Förderung der nächsten Generation
Eine der Konstanten des GNYMF ist Murats Gespür für Talente, die an der Schwelle zum internationalen Durchbruch stehen, etwas, das sie in den Jahren, in denen sie am Aufbau der Verbier Festival Academy beteiligt war, verfeinert hat.
Der aufstrebende Star dieser Saison ist der spanische Tenor Xavier Anduaga, den sie schon engagiert hatte, lange bevor die Kritiker in New York ihn als «den grössten Tenor der Gegenwart» bezeichneten.
Ein weiteres wichtiges Debüt gibt die dramatische Sopranistin Anastasia Bartoli, die ihre Karriere als Hard-Rock-Sängerin begann und nun in Rossini triumphiert. Ihr Auftritt ist besonders symbolträchtig: Murat wählte eine junge Künstlerin, keinen Ersatzstar, um für Nadine Sierra einzuspringen, die derzeit eine Pause für ihre Stimme einlegt. «Alle sind glücklich», sagt sie. «Und einer jungen Künstlerin eine Chance zu geben, das ist das Ethos des Festivals.»
Die Macht der kleinen Räume
Das vielleicht markanteste Merkmal des GNYMF ist sein Beharren auf Intimität. Grosse Stars treten nicht in Zelten oder grossen Sälen auf, sondern in kleinen Alpenkirchen.
Für die Musiker kann das eine Offenbarung sein. Murat erzählt, wie ein berühmter Tenor während einer Probe im winzigen Rougemont in Panik geriet: «Aber es ist so klein!», sagte er, nur um ihr hinterher zu sagen, dass es «das grösste Geschenk» war, sein Publikum zum ersten Mal seit einem Jahrzehnt wiederzusehen.

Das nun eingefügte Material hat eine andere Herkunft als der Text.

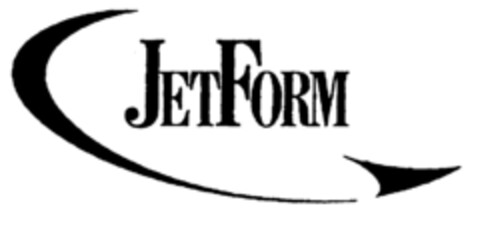 JETFORM Logo (EUIPO, 04/06/1998)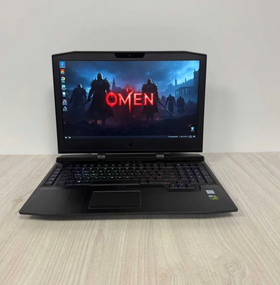 Ноутбук HP Omen X 17-ap010nr 120Hz i7-7700HQ 16GB SSD 1TB GTX 1070 Б/В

Roberto Alagna sang einmal in Saanen 45 Minuten lang Zugaben, weil er einfach nicht wollte, dass das Konzert zu Ende geht. «Diese Momente rechtfertigen den ganzen Aufwand», sagt Murat. «Die Künstler wissen, dass ich das aus Liebe zur Musik mache. Es geht nicht um finanzielle Interessen.»
Für Ersthörer empfiehlt sie das Konzert von Golda Schultz am 8. Januar, «weil es die perfekte Brücke zwischen Klassik und Jazz, Gershwin, Broadway, amerikanischen Liedern und nur ein oder zwei Arien aus dem grossen Repertoire ist».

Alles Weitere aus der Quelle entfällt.